Dowlais revenue drops as EV market slows progress

Dowlais Group has reported a 9.2% fall in revenue as the group’s first half profits were hit by a slowdown in electric vehicle (EV) production.

The engineering group’s H1 revenue dipped to £2.5bn as underlying profits in the six months to 30 June fell to £151m, 15% down from £177m in the same period last year.

Dowlais confirmed that this profit figure included £7m of operating losses from its hydrogen operations, reflecting a decline of 9% compared to last year driven by lower volumes.

The group’s adjusted operating margin of 5.9% was 30 basis points lower than 2023 as the impact from lower volume was partially offset by proactive actions to manage the cost base and by pricing.

Dowlais CEO, Liam Butterworth, said that the group had been focusing on what it could control amid what he described a “challenging market environment”.

“[We] took several decisive actions to mitigate the impact from lower volume as well as unlock value from our portfolio,” Butterworth added.

“We continue to execute on our strategy to accelerate the transition to a powertrain agnostic business model which is better positioned to navigate market volatility and deliver sustainable, profitable growth and cash generation in the medium term.”

AJ Bell investment director, Russ Mould, commented that Dowlais has been affected by a “wider malaise in the sector”, with adoption of EVs not following the trajectory which had been expected.

“This makes it tough not only for the carmakers themselves but also for businesses like Dowlais which supply it with components,” Mould said.
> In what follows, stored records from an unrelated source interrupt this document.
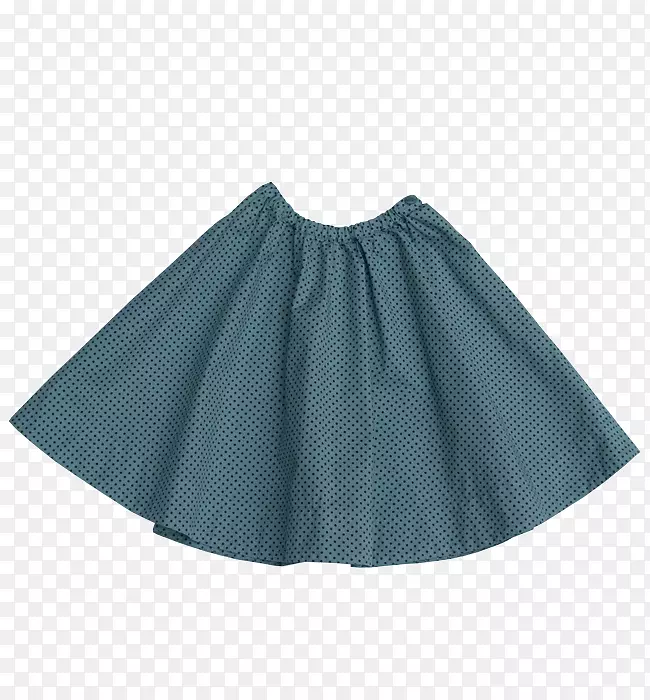 裙子青绿色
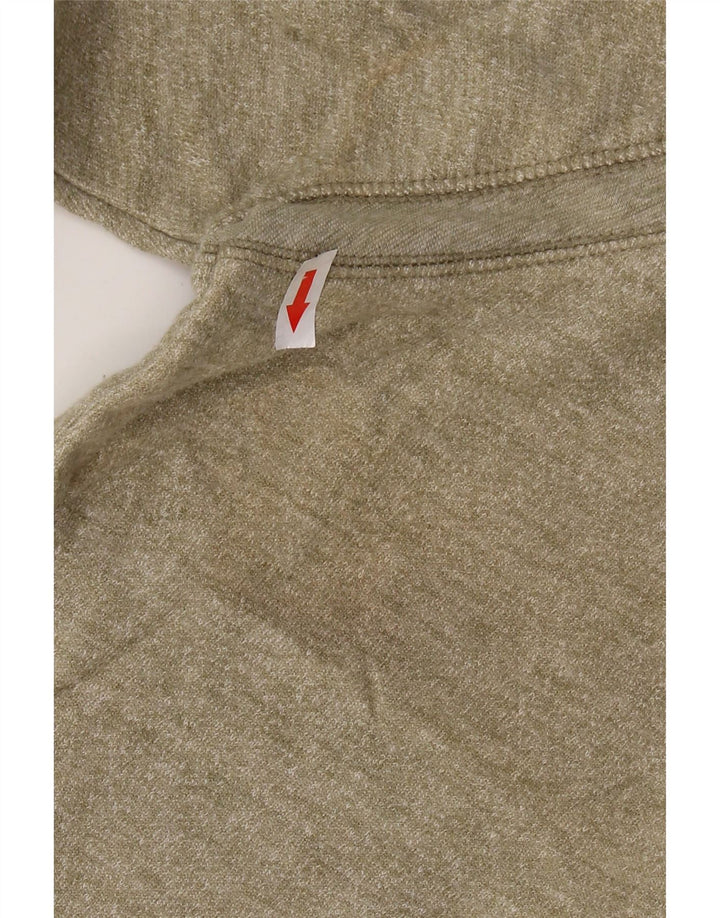 Женский свитер оверсайз Reebok UK 18 XL, хлопок с крапинками цвета хаки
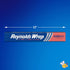 Packets 12 Inches 200 Reynolds Wrap Everyday Strength Aluminum Foil Roll, Freezer and Grill Safe, Great for Foil
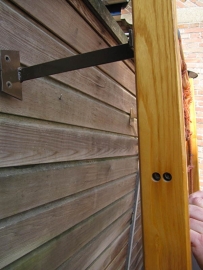 Vintage houten klimrek uit school
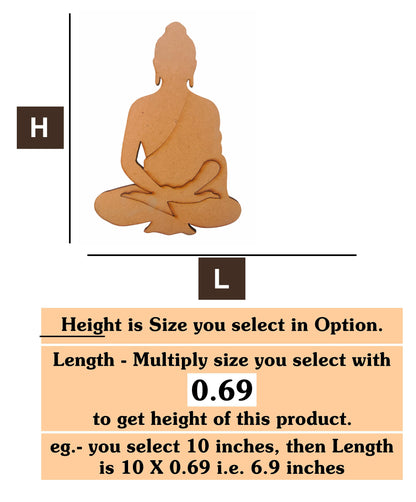 Buddha 2 MDF Cutout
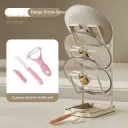 Beige Three Layer 3Pcs Knife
“That’s reflected in a pretty dreadful set of first-half results with a 9% drop in revenue translating into much bigger falls in profit and cash flow. The company has significant fixed costs which cannot be reduced at the same pace as business drops off.

“The company is not just surrendering to its fate; it has disposed of the loss-making hydrogen operations and is considering a sale of its powder metallurgy arm. Dowlais has also engaged in significant cost cutting. The danger is this reduces its capacity to place itself at the heart of the industry’s transition to EVs.”